Mills (2010) reviews a decade of NLS studies (1999-2009), 39 studies in total, that take a “digital turn,” applying the NLS lens through ethnographic observation to new digital literacy practices. The research sites include schools as well as online communities and out-of-school practices; they include such practices as anime fan sites, relay writing on microblogging sites, Web quests, and digital movie making.
The Digital Youth Project, a large, three-year ethnographic study of youth’s new media literacy practices, explicitly uses New Literacy Studies as one of its frameworks (Ito et al, 2010, p. 24). The researchers conducted 23 case studies that looked at new media literacy practices from “hanging out” (casual participation in friendship-based activities, e.g. on Facebook) to “geeking out” (intensive participation in interest-based activities, e.g. the creative production involved in augmented gaming).
In NLS, literacies are seen as bound up with issues of identity and ideology. Jim Gee writes of ”discourses,” which he defines as
ways of behaving, interacting, valuing, thinking, believing, speaking, and often reading and writing, that are accepted as instantiations of particular identities … by specific groups…. Discourses are ways of being “people like us”…. Each discourse incorporates taken-for-granted and tacit “theories” about what counts as a “normal” person and the “right” ways to think, feel, and behave. These theories crucially involve viewpoints on the distribution of “social goods” like status, worth, and material goods in society (who should and who shouldn’t have them) (Gee, 2012, pp. 3-4).
Academic or school discourse, for example, which requires particular kinds of academic literacies, has traditionally conferred social goods such as status and jobs. A student’s home and other out-of-school literacies may be very different; in fact, the gap between youth’s everyday literacy practices and their in-school practices may be widening (Ito et al. 2010).

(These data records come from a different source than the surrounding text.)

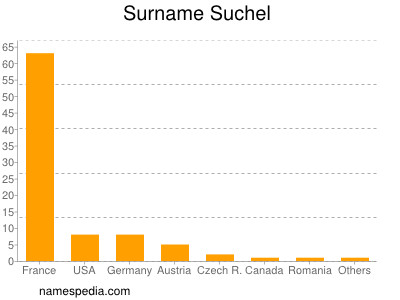 Familiennamen Suchel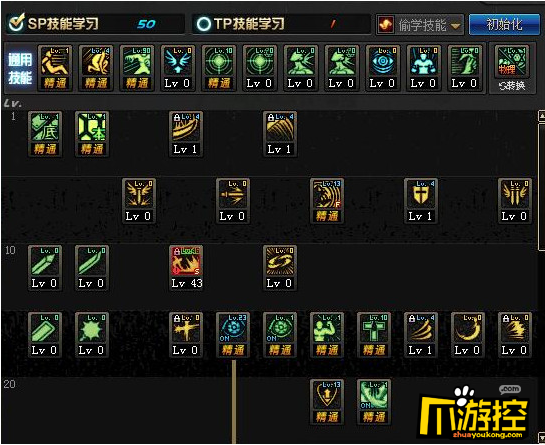 dnf90红眼加点方案一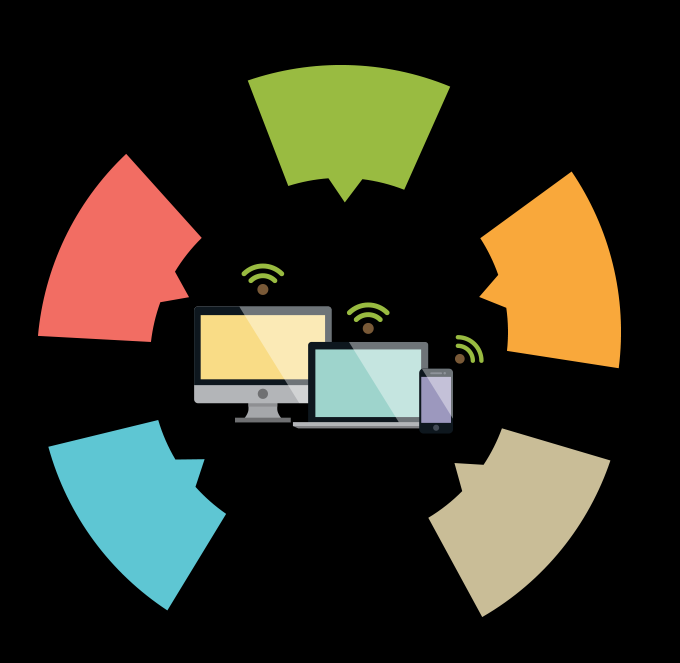 TECNOLOGIA Digital Touchpoint Tecnologia come strumento al servizio di una presenza online forte e consolidata 1) Siti web e mobile di vari formati (portali, siti, minisiti e landing page),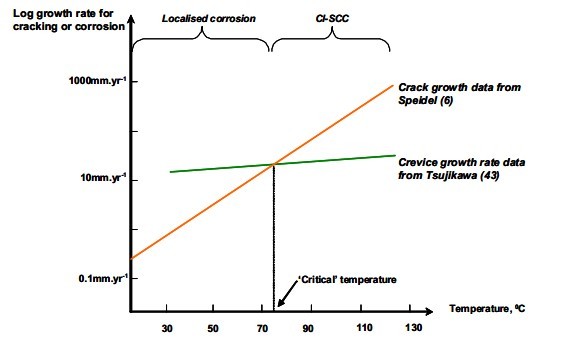 CLSCC-Chloride-Stress-Corrosion-Cracking-Mechanism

Literacies are seen as embedded in power relations, with the dominant, established literacies in conflict with newer, emerging literacies. It’s not hard to find examples of ideological struggles over literacy, including attempts to ban particular books and struggles over curricula. This lens can be applied to new digital literacies as well. The researchers in the Digital Youth Project see a contest between new and traditional literacies, as reflected in my opening quote. In fact the researchers, without endorsing the idea of the digital native, see an “intergenerational struggle over authority and control over learning and literacy” (Ito et al, p. 14). They add, “Although some of the literacy practices we describe may be keyed to a particular life stage, new media literacies are not necessarily going to ‘grow up’ to conform to the standards of their elders but are likely to be tied to foundational changes in forms of cultural expression” (p. 26).
The NLS lens can be applied to new forms of scholarly communication as well. For example, academic bloggers may get pushback from more traditional scholars. Dan Cohen, now the Executive Director of the Digital Public Library of America, provides an example from digital humanities (although he doesn’t use the NLS framework himself). After writing a how-to book about digital history on the web, he was disappointed at the resistance it faced. He is now writing a new book, The Ivory Tower and the Web. In an online draft of the first chapter, he looks at the academy’s non-acceptance of new media practices and sees inertia, conservatism, and prejudice. To some extent, he sees this as understandable: “Almost by definition, academics have gotten to where they are by playing a highly scripted game extremely well. That means understanding and following self-reinforcing rules for success.” This involves tenure, for example, as a social good.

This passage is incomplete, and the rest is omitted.